Huzursuz Bacak Sendromunda Tedavi
-
İlaç Tedavisi: En fazla tercih edilen ilaç grubu dopaminerjik (Parkinsonda kullanılan ilaçlar) ilaçlardır. Bunun dışında antikonvülzanlar (epilepside kullanılan ilaçlar), opioidler, benzodiazepinler de kullanılabilir. -
Tamamlayıcı tıp yöntemleri:
Nöral terapi: Lokal anestezik kullanarak sinir sistemini düzenleyen ve hastanın kendi iyileşme mekanizmalarının harekete geçmesini sağlayan nöral terapi Huzursuz Bacak Sendromu hastalarında başarıyla kullanılmaktadır. Kliniğimizde genellikle akupunktur ile kombine tedavi yapılır.
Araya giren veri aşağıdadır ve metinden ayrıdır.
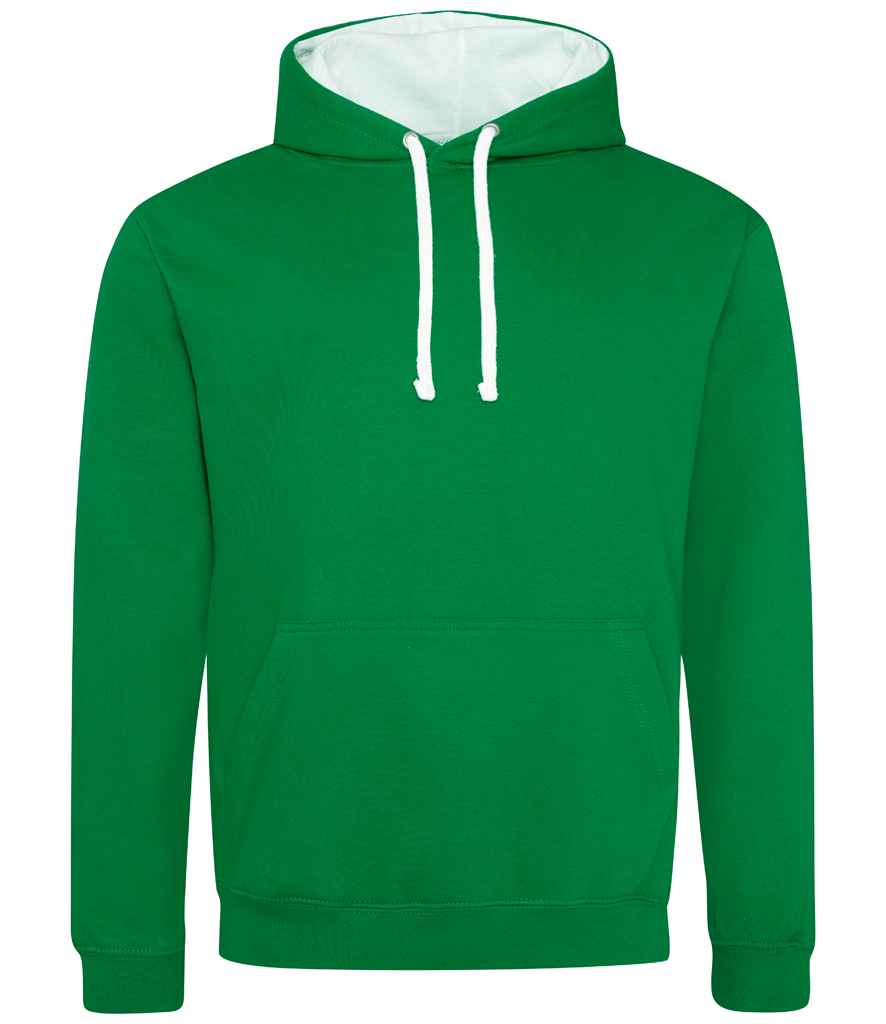 AWDis Varsity Hoodie | Kelly Green/Arctic White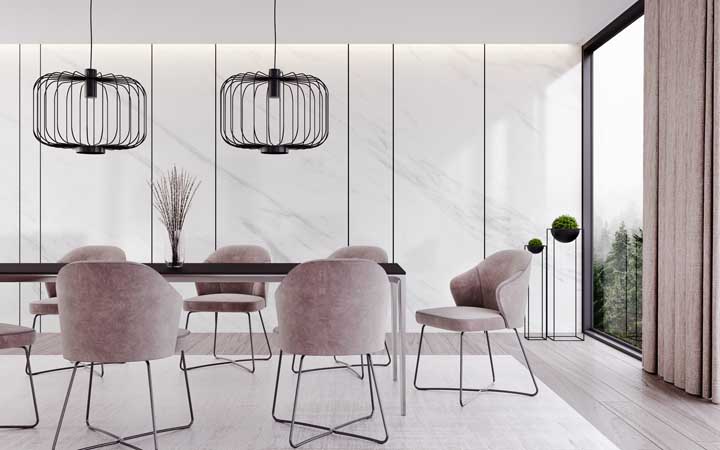 48. Modern dining room with white marble wall.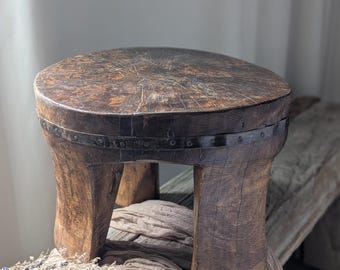 ヴィンテージナガ木製スツール/木製サイドテーブル - Etsy 日本
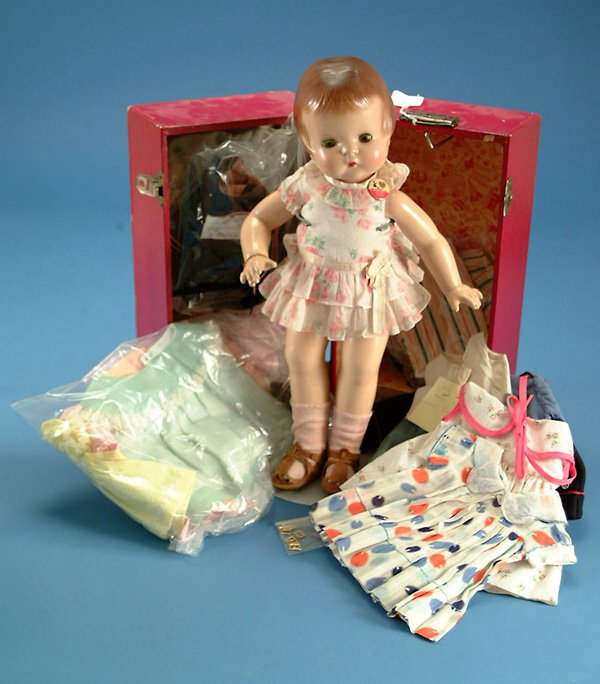 19" Effanbee Patsy Ann, all comp, molded hair, gr.: 19" Effanbee Patsy Ann, all comp, molded hair, gr. sl. eyes, orig dress, pin, & bracelet, vintage trunk, large wardrobe w/some home made clothes, VG, (est. $600 - $800)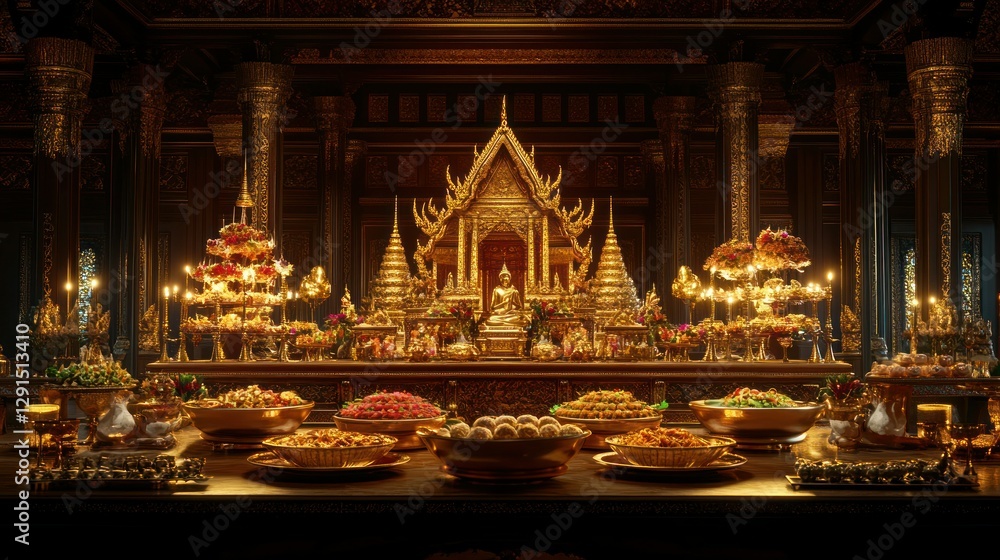 Obraz premium Golden Thai temple banquet hall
Ozon terapisi: Huzursuz Bacak Sendromu olan hastalardaki antioksidan mekanizmayı harekete geçirir.
Relaksasyon Yöntemleri: Hastalara gevşeme eğitimi, biofeedback ile tedavi uygulanabilir.
-
Egzersiz: Egzersiz eklem hareketlerini koruyarak, kısalmış kasları uzatarak ve güçlendirerek bacakların stabil olmasını sağlar. -
Aerobik egzersizler ile (yüzme, yürüme, koşu, bisiklet, dans gibi) solunum ve kalp fonksiyonlarının iyileştirilmesi, direncin arttırılması gerekir. Ayrıca düzenli yapılan aerobik egzersizler ile ağrı kesici ve mutluluk verici maddelerin (endorfin, seratonin) salınımının arttırılması mümkündür. Bu etkinin elde edilebilmesi için hastanın düzenli olarak en az 8 hafta egzersiz yapması gerekir. Tüm egzersizlerin devamlı yapılması, bir yaşam şekli haline getirilmesi çok önemlidir. -
Yoga: Yoga kendine özgü duruşları, nefes çalışması, gevşeme metodları ile hem germe güçlendirme hem de gevşeme sağlayan yoga çok faydalanılan yöntemlerden biridir. -
Masaj: Kas gevşemesi sağlaması açısından önerilebilir. -
Diyet: Hastaların şikayetlerini arttırdığı için alkol, sigara, kafein, çikolatadan uzak durmaları önerilir.